Instructions for the task. Emit the data below verbatim, stripping out any pictures.

Data block.
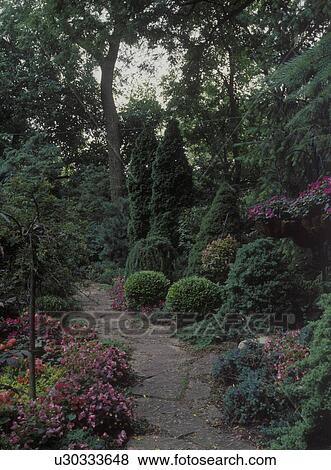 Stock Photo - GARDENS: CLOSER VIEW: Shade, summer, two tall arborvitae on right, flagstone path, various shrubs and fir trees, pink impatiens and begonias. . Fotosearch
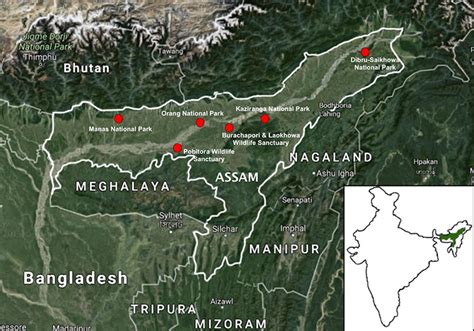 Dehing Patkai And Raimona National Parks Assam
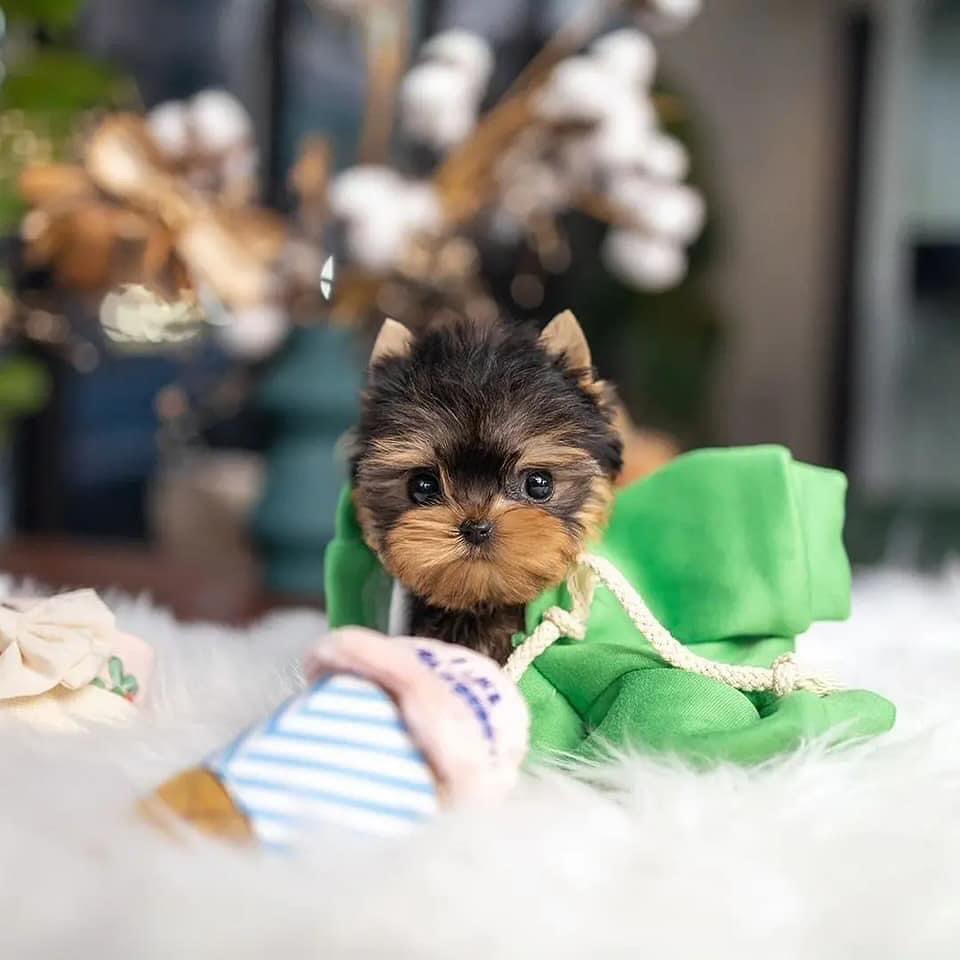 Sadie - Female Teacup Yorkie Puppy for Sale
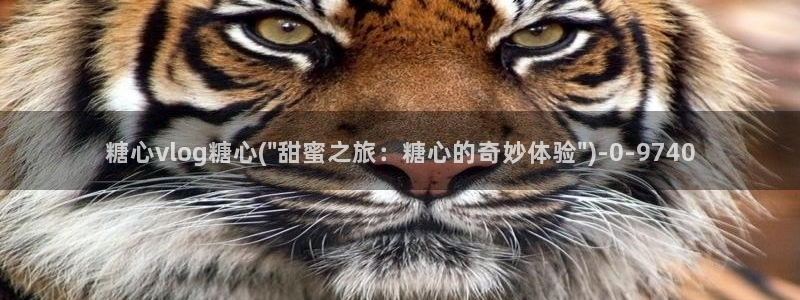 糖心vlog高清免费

Exercise response.
 Stock Photo - GARDENS: CLOSER VIEW: Shade, summer, two tall arborvitae on right, flagstone path, various shrubs and fir trees, pink impatiens and begonias. . Fotosearch
 Dehing Patkai And Raimona National Parks Assam
 Sadie - Female Teacup Yorkie Puppy for Sale
 糖心vlog高清免费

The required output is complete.